Images in the records should be skipped while the rest is transcribed verbatim.

:: Task input ::

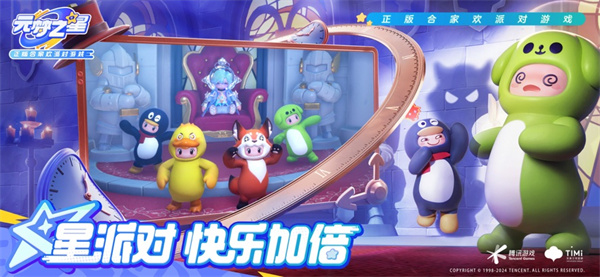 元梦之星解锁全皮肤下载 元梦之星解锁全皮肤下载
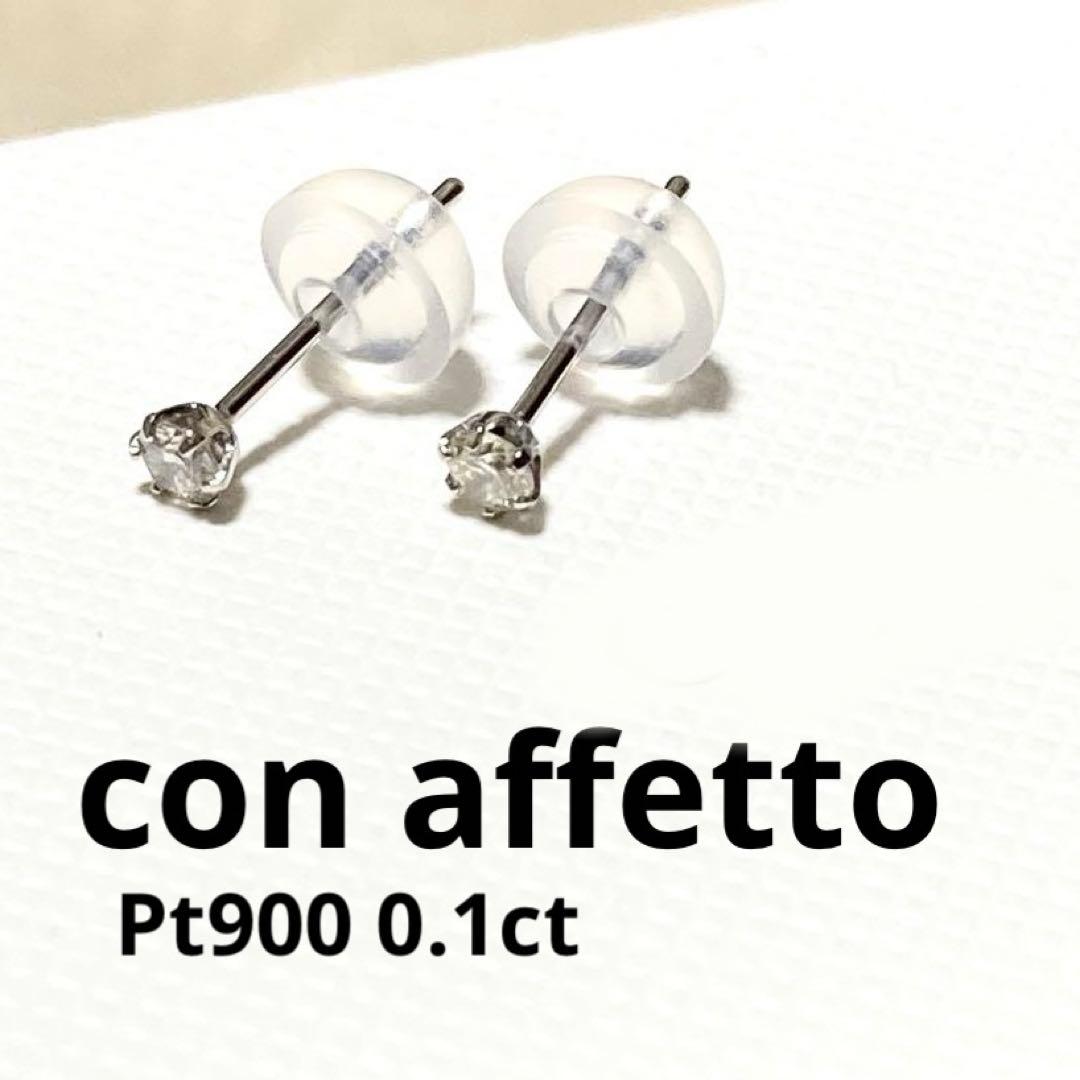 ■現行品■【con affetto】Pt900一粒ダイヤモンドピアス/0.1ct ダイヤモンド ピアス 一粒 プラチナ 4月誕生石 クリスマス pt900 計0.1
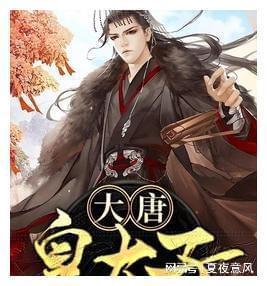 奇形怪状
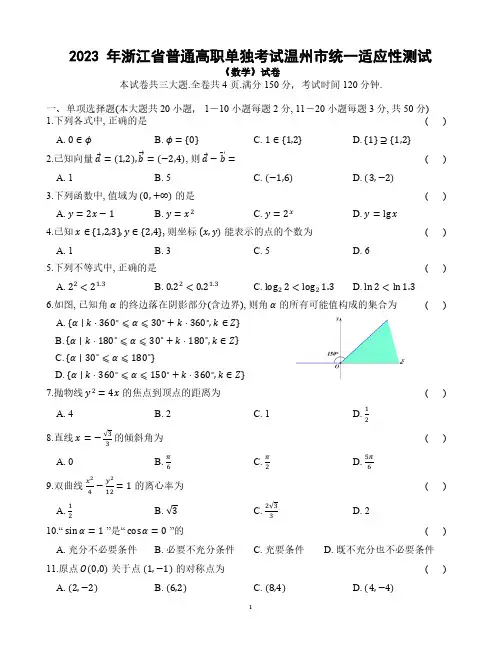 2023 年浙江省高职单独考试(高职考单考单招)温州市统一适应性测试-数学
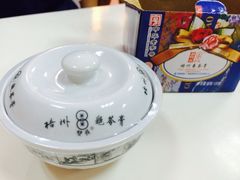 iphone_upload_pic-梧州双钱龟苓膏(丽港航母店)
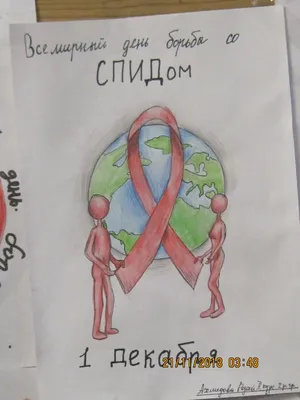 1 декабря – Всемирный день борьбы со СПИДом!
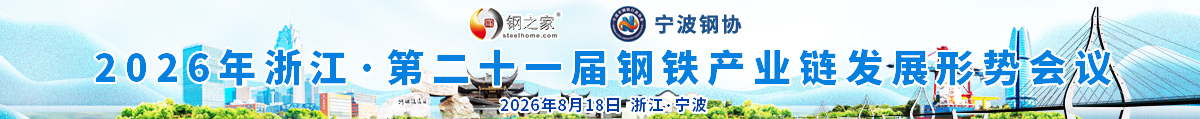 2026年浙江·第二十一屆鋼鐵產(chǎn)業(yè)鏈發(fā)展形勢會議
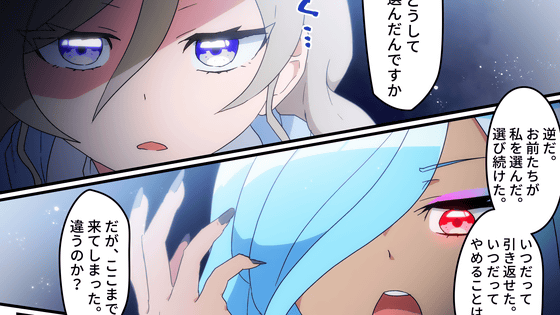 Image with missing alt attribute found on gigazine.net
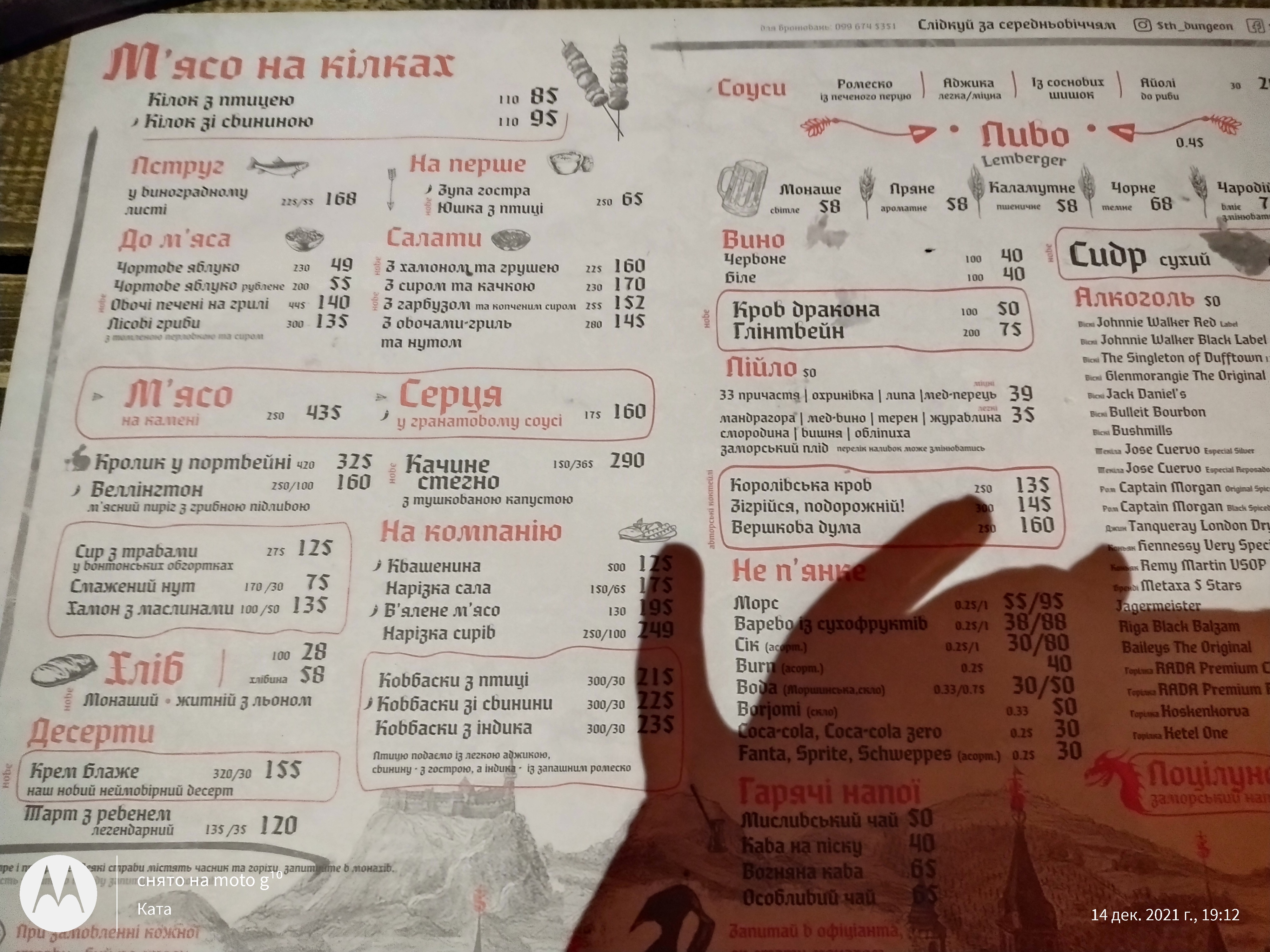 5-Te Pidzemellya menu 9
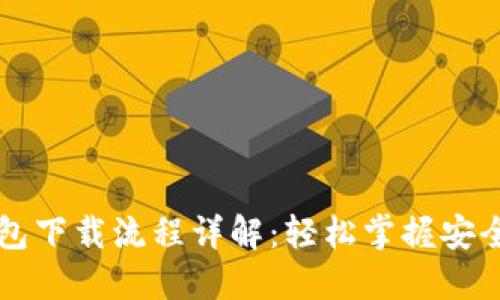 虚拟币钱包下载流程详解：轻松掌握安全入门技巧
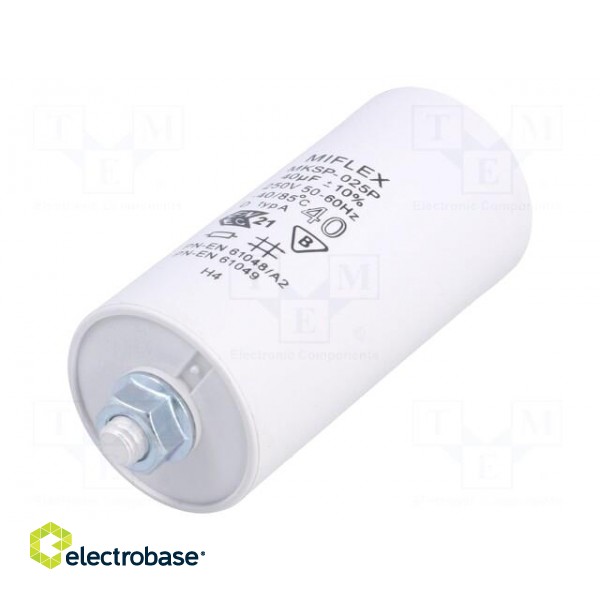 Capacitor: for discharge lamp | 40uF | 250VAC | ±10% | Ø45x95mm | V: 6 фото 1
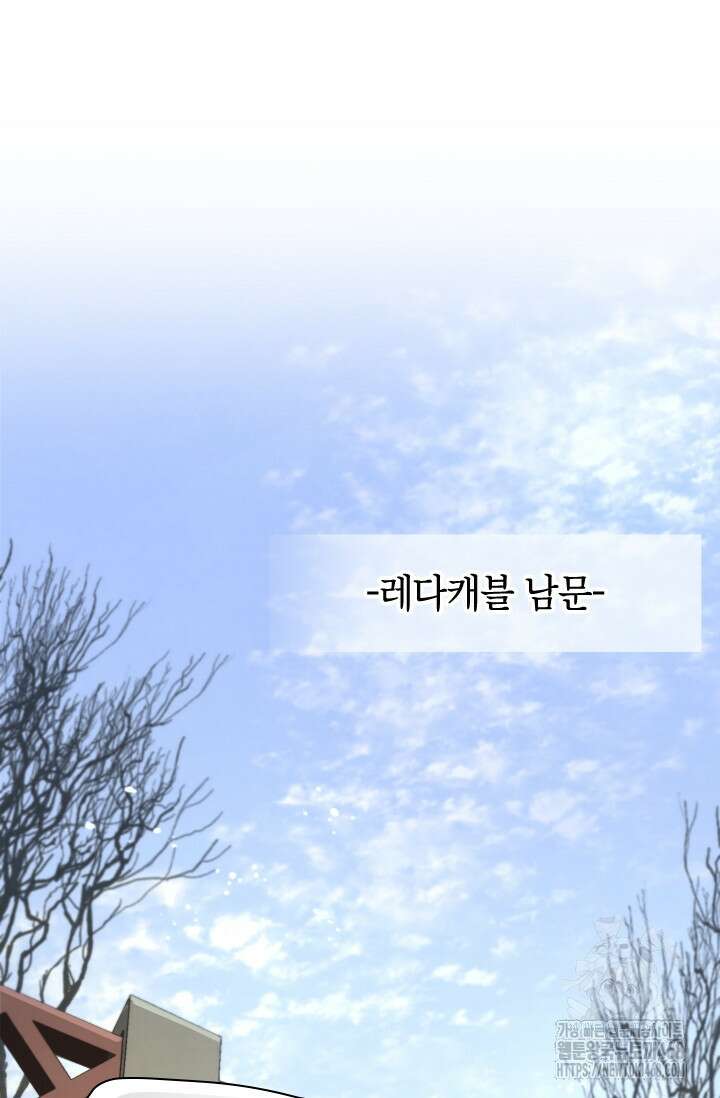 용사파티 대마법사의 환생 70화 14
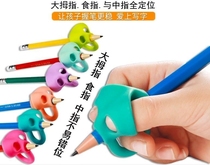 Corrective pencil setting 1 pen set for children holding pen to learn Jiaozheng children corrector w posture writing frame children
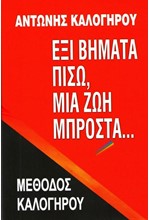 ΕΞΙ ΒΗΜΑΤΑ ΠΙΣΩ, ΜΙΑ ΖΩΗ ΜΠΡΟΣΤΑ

:::

**Task response**
 元梦之星解锁全皮肤下载 元梦之星解锁全皮肤下载
 ■現行品■【con affetto】Pt900一粒ダイヤモンドピアス/0.1ct ダイヤモンド ピアス 一粒 プラチナ 4月誕生石 クリスマス pt900 計0.1
 奇形怪状
 2023 年浙江省高职单独考试(高职考单考单招)温州市统一适应性测试-数学
 iphone_upload_pic-梧州双钱龟苓膏(丽港航母店)
 1 декабря – Всемирный день борьбы со СПИДом!
 2026年浙江·第二十一屆鋼鐵產(chǎn)業(yè)鏈發(fā)展形勢會議
 Image with missing alt attribute found on gigazine.net
 5-Te Pidzemellya menu 9
 虚拟币钱包下载流程详解：轻松掌握安全入门技巧
 Capacitor: for discharge lamp | 40uF | 250VAC | ±10% | Ø45x95mm | V: 6 фото 1
 용사파티 대마법사의 환생 70화 14
 Corrective pencil setting 1 pen set for children holding pen to learn Jiaozheng children corrector w posture writing frame children
 ΕΞΙ ΒΗΜΑΤΑ ΠΙΣΩ, ΜΙΑ ΖΩΗ ΜΠΡΟΣΤΑ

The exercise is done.